Niko Romito è un giovane ristoratore "tristellato" (si veda articolo precedente) geniale e, a dir poco, coraggioso. Geniale, per la stupefacente sequenza di piatti che s’inventa e che hanno il non comune pregio di spingere il commensale a fare subito il bis e prepararlo, con vogliosa attesa, al piatto successivo. Della serie che se la golosità è un peccato, ben vengano questi assaggi che ti fanno sentire in paradiso. Ai gastronomi l’arduo compito di descrivere le portate servite al Reale di Castel di Sangro, tutti comunque concordi che il maestro di cucina le merita tutte le “tre stelle” Michelin che da pochi giorni brillano, per la prima volta, nel cielo d’Abruzzo.
Niko (nella foto, con barba, mentre vendemmia) è però anche coraggioso. Di quel coraggio che accomuna le persone concrete che parlano poco e fanno molto, tenendo ben presente la meta finale. Che non è solo la conquista di un vantaggio personale, ma è corale con tutti coloro che hanno l’opportunità di interagire con i suoi progetti. Ecco allora il ristorante e il relais Reale, nato a Rivisondoli e trasferitosi tra le mura di un antico convento cinquecentesco a un tiro di schioppo dalle rinomate piste di sci d’Abruzzo, divenuto, in collaborazione con Slow food e l’Università di Pollenzo, primario centro di formazione per futuri protagonisti di sala e cucina.
Ed ecco, ancora, il coraggio di condividere con gli amici della cantina Feudo Antico l’idea di avviare su una proprietà grande come un campo di calcio un vigneto sperimentale di montagna. E chiamarlo Casadonna, quale omaggio alla figura materna delle alture che, con i mille e più metri di altezza, proteggono dai venti freddi del Nord Castel di Sangro. Sì, da farne il luogo ideale per piantare la vigna più alta del Mezzogiorno. Esattamente quello che hanno fatto i tecnici di Feudo Antico, mettendo dimora un vitigno particolare come il Pecorino, la cui prima vendemmia ha coinciso, da un lato, con la festa delle tre stelle assegnate a Niko e il suo team del Reale e, dall’altro, con la notizia che il Pecorino è diventato il vino bianco d’Italia più esportato nel 2012.

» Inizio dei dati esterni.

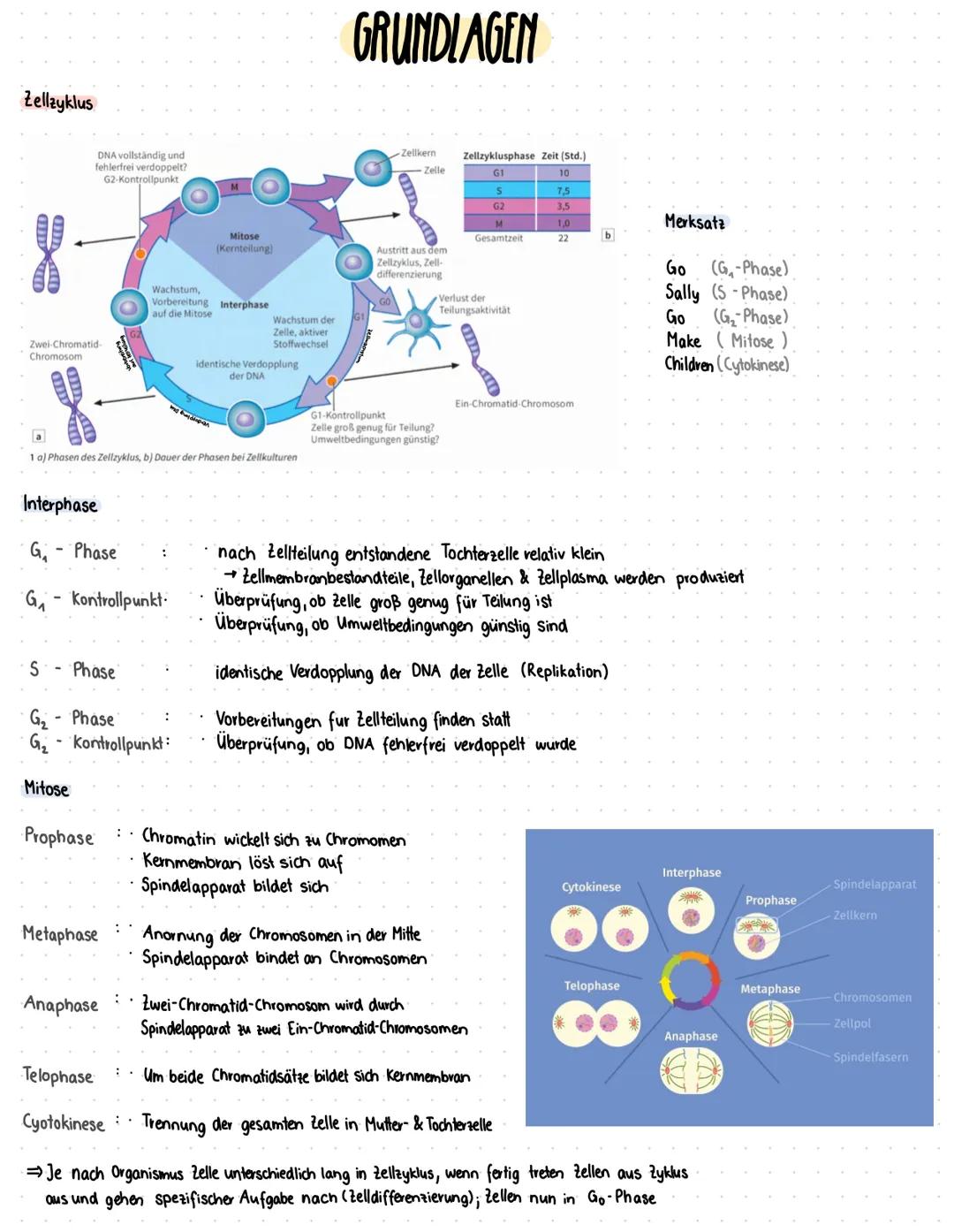 Biologie Abitur 2025 - Genetik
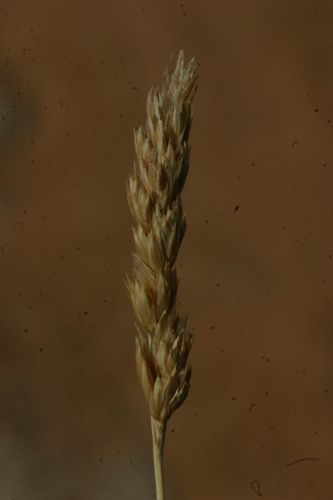 orchard grass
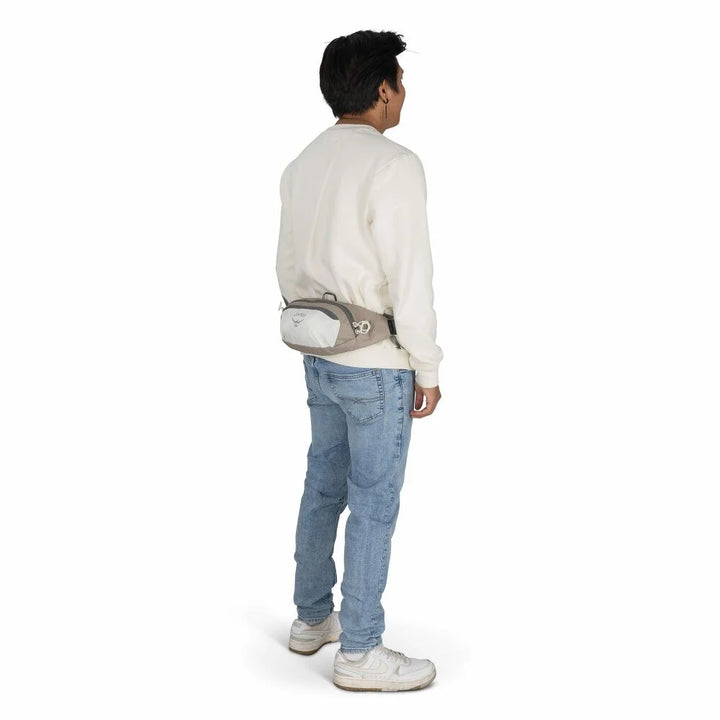 Daylite 2L Waist Pack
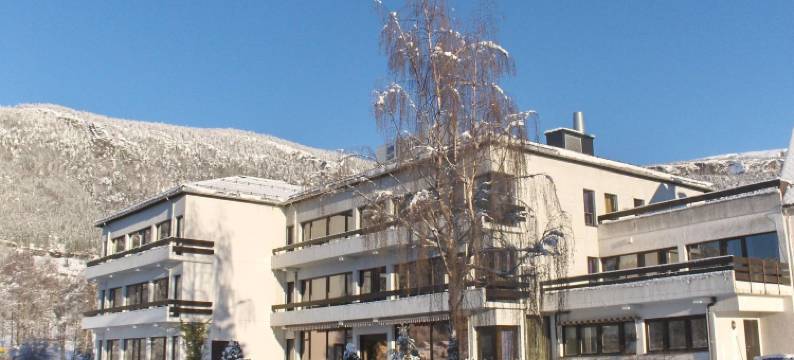 因韦克弗约德酒店(Innvik Fjordhotell)图片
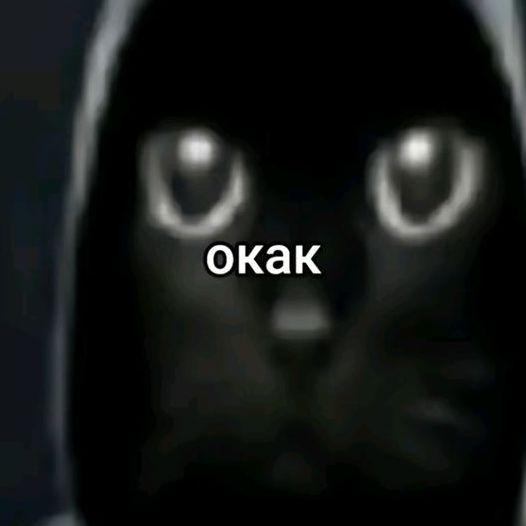 d3ndro avatar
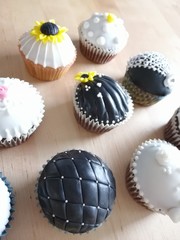 cupcakes on white background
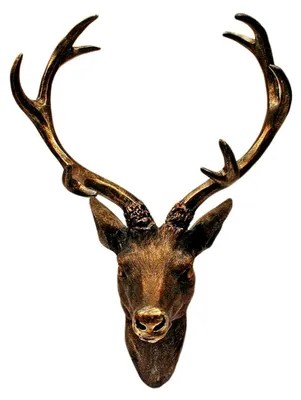 Produktbild von Hirschgeweih Hirschkopf Geweih 10-Ender in Bronze-Optik 15 x 30 cm, Figur Skulptur Deko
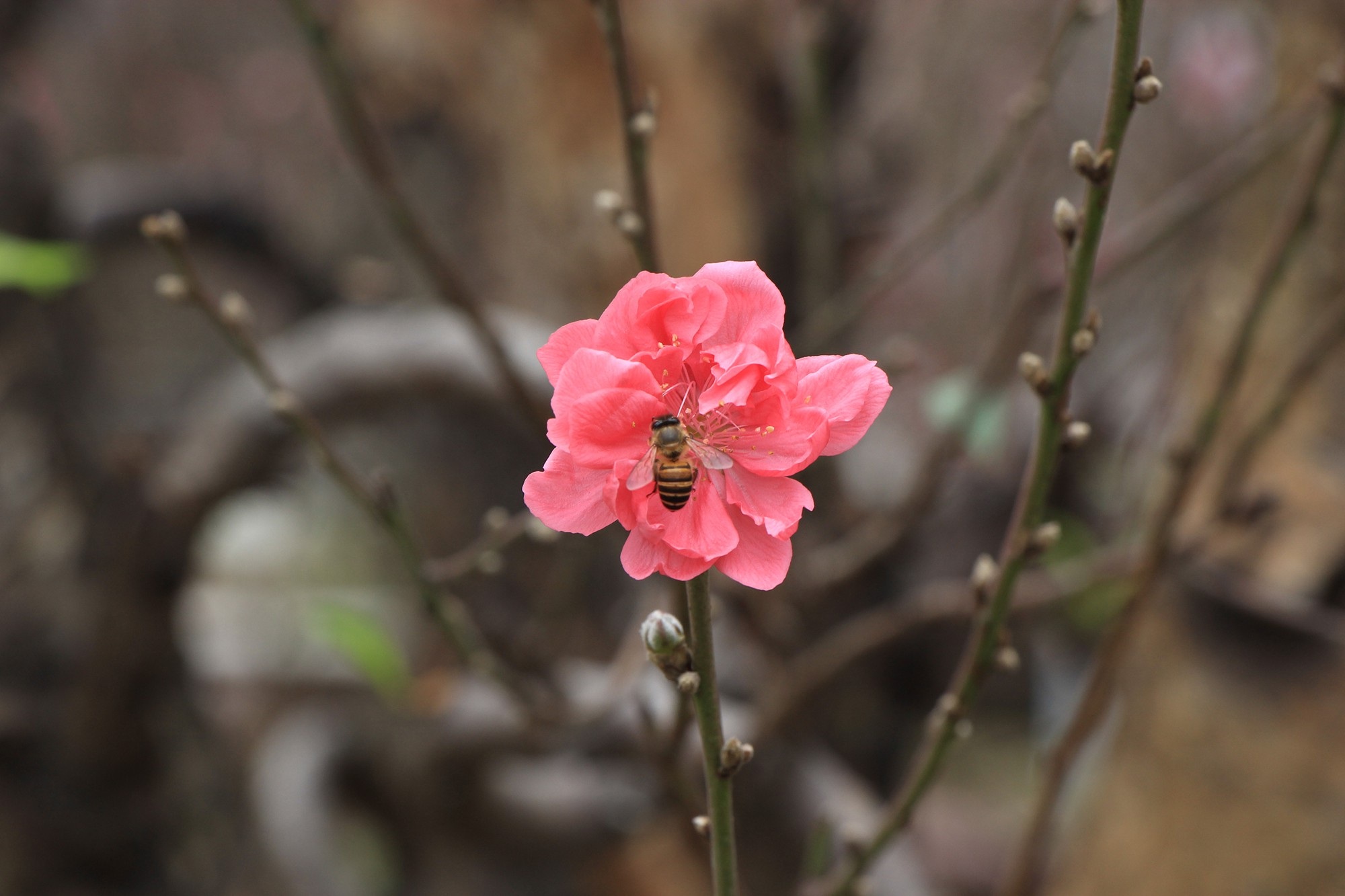 Đào xuống phố sớm, chủ buôn hi vọng ăn đậm vụ Tết - Ảnh 3.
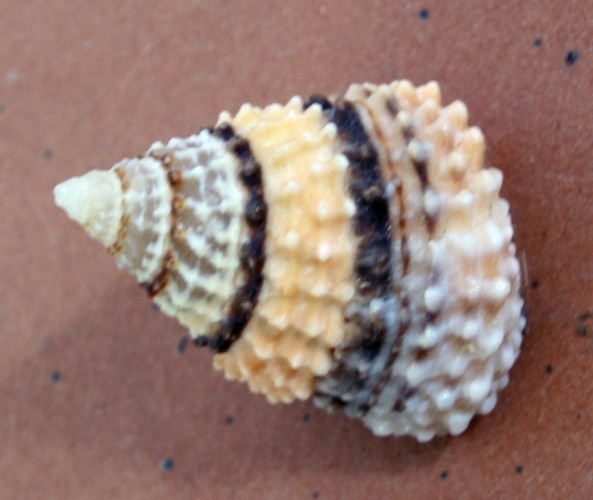 f_Tectariusgrm_4261cc1.jpg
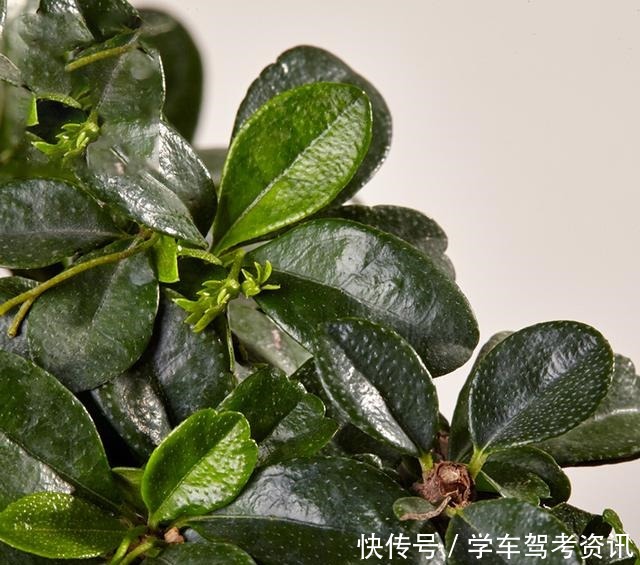 7种花，就得小盆养，盆越小水越少，长得更快！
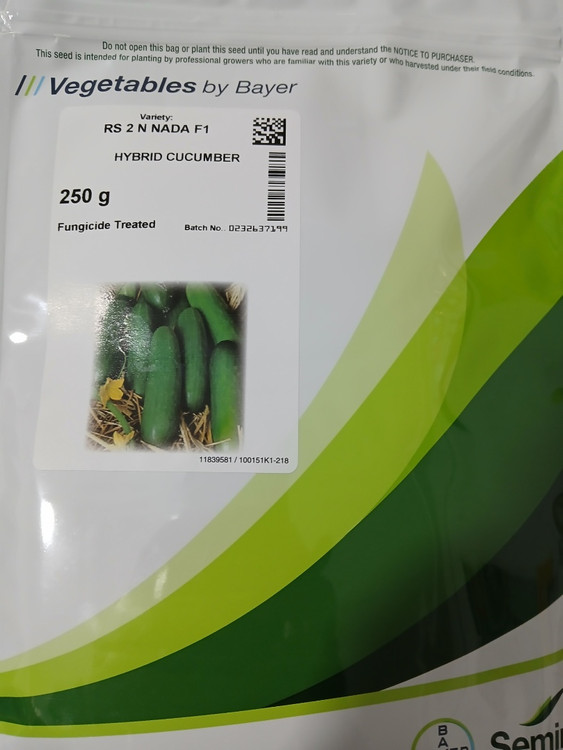 بذرخیارnada 2n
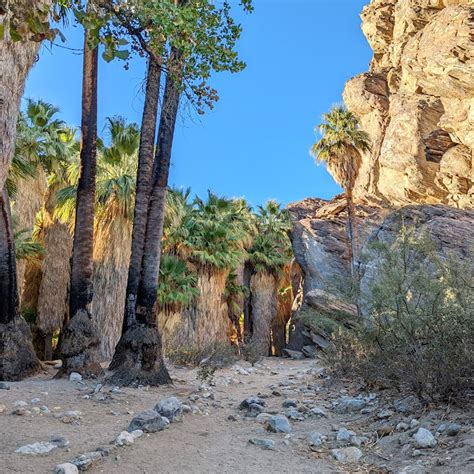 Andreas Canyon Trail in Palm Springs, CA (With Photos)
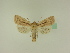  ( - BC ZSM Lep 95500)  @11 [ ] CreativeCommons - Attribution Non-Commercial Share-Alike (2016) SNSB, Staatliche Naturwissenschaftliche Sammlungen Bayerns ZSM (SNSB, Zoologische Staatssammlung Muenchen)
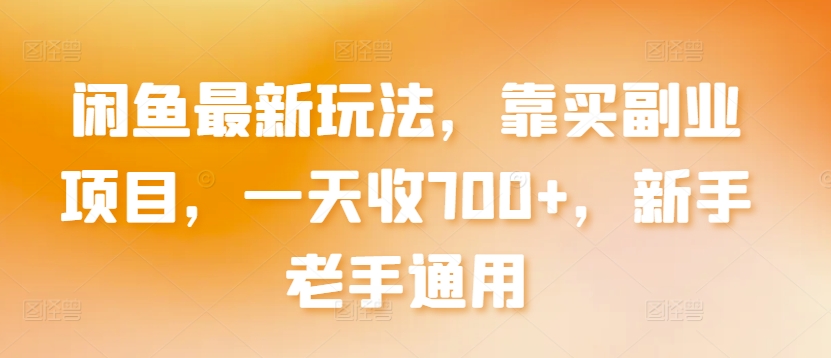 闲鱼最新玩法，靠买副业项目，一天收700+，新手老手通用【揭秘】-沐风资源库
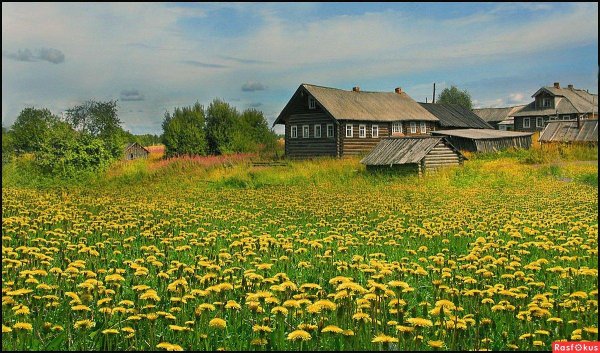 пейзаж деревни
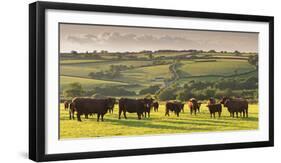 North Devon Red Ruby Cattle Herd Grazing in the Rolling Countryside, Black Dog, Devon-Adam Burton-Framed Photographic Print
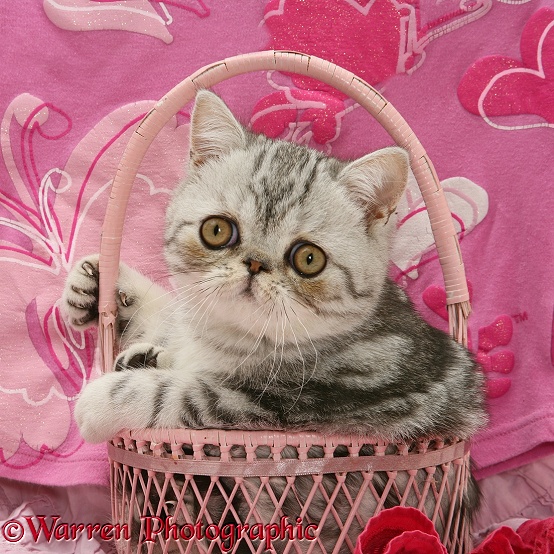 Blue-silver Exotic Shorthair kitten in a pink basket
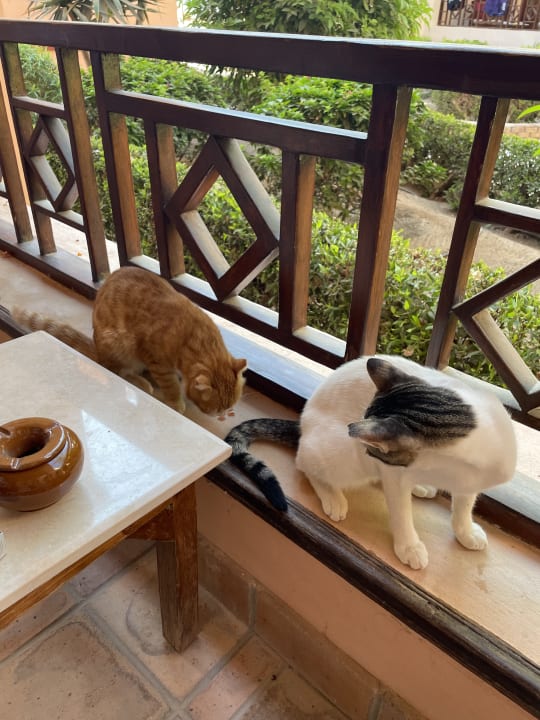 Zimmer Sultan Bey Hotel, El Gouna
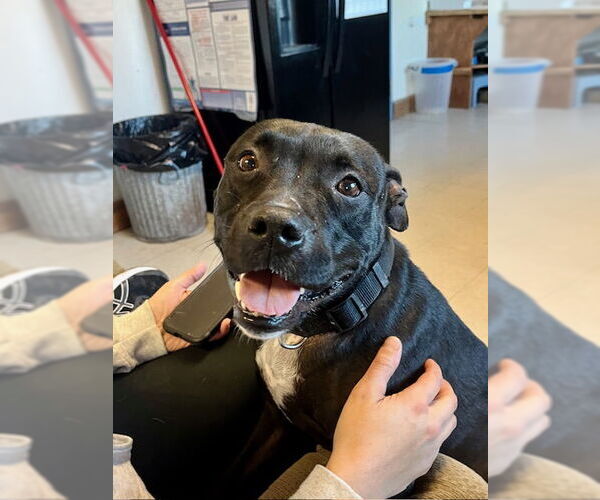 Medium Photo #3 Mutt Puppy For Sale in Webster, WI, USA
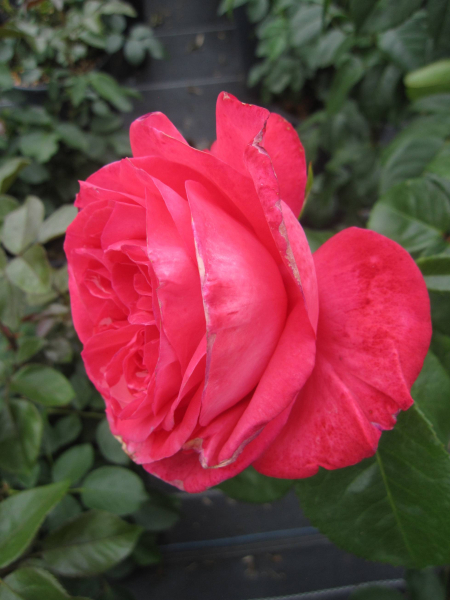 Hochstammrose Cherry Lady 2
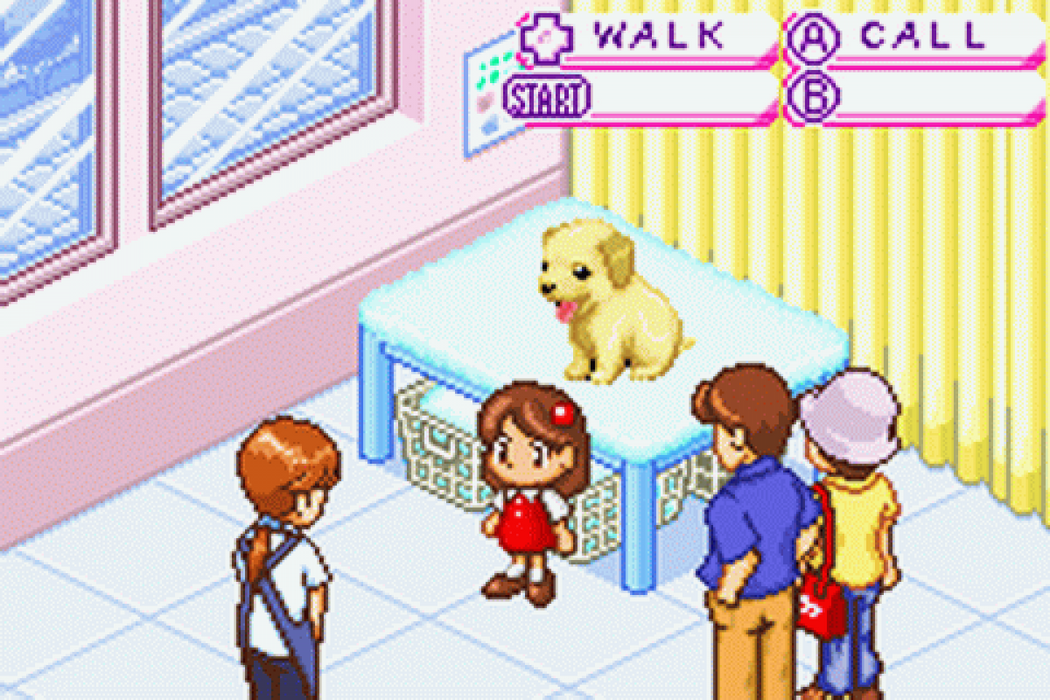 Dogz  – Game Boy Advance (GBA) - for just $4.99! 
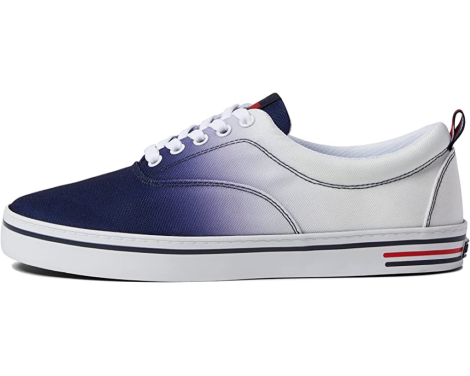 Мужские кеды Tommy Hilfiger с градиентом 1159768250 (Белый/синий, 47)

Non poteva andare meglio a questi due, tutto sommato, nuovi protagonisti dell’imprenditoria abruzzese. Alleati nel “fare sperimentazione viticola di montagna, con una logica che tiene conto del cambiamento climatico in atto”, come commenta Andrea Di Fabio (nella foto con Niko Romito), anch’egli giovanissimo direttore della cantina abruzzese nata da una costola della cooperazione viticola e lungimiranza di operatori privati locali, tutti accomunati dall’impegno di sostenere l’ultima nata delle denominazioni di origine regionali – la Doc Tullum -, al cui presidente consortile Giancarlo Di Ruscio (foto in basso) va il merito di essere stato strenuo sostenitore dell’intero programma. Che, certo, sta crescendo in termini quantitativi e, soprattutto, contribuendo con signorile tempra al rilancio dei vini regionali (2,5 milioni di ettolitri nel 2012). Che ha per portabandiera un campione d’Italia come il Montepulciano d’Abruzzo.
Il progetto di Casadonna ancorché rientrare in questo piano di ricerca, costituisce di fatto il primo esempio di vigneto di montagna in Abruzzo, regione di per sé ricca di alture imperiose che si affacciano sull’azzurro mare Adriatico, ma ahimè dove la coltivazione della vigna non è mai andata oltre una certa altitudine. Forse per pigrizia di un vecchio modo di intendere la coltivazione della vigna. Ora, però, che una nuova e giovane classe di vignaioli si sta facendo strada, ecco che ci si è spinti molto più in alto in senso figurativo e anche fisico, con le vigne a oltre 800 metri. Dove il centravanti di sfondamento sono le uve autoctone di Pecorino, seguito da altri vitigni locali e innovativi come Pinot nero, Riesling renano, Sylvaner verde, Traminer e Veltliner. Un progetto articolato, questo di Casadonna, che mette insieme il desiderio di fare ricerca con la passione di produrre vino di qualità ad altitudini montane, dove la vera sfida è rappresentata proprio dal Pecorino, considerato finora vitigno di pianura o, al massimo, di media collina. E tutto questo grazie all’impegno di Feudo Antico e al team scientifico guidato dal professore Attilio Scienza dell’Università di Milano.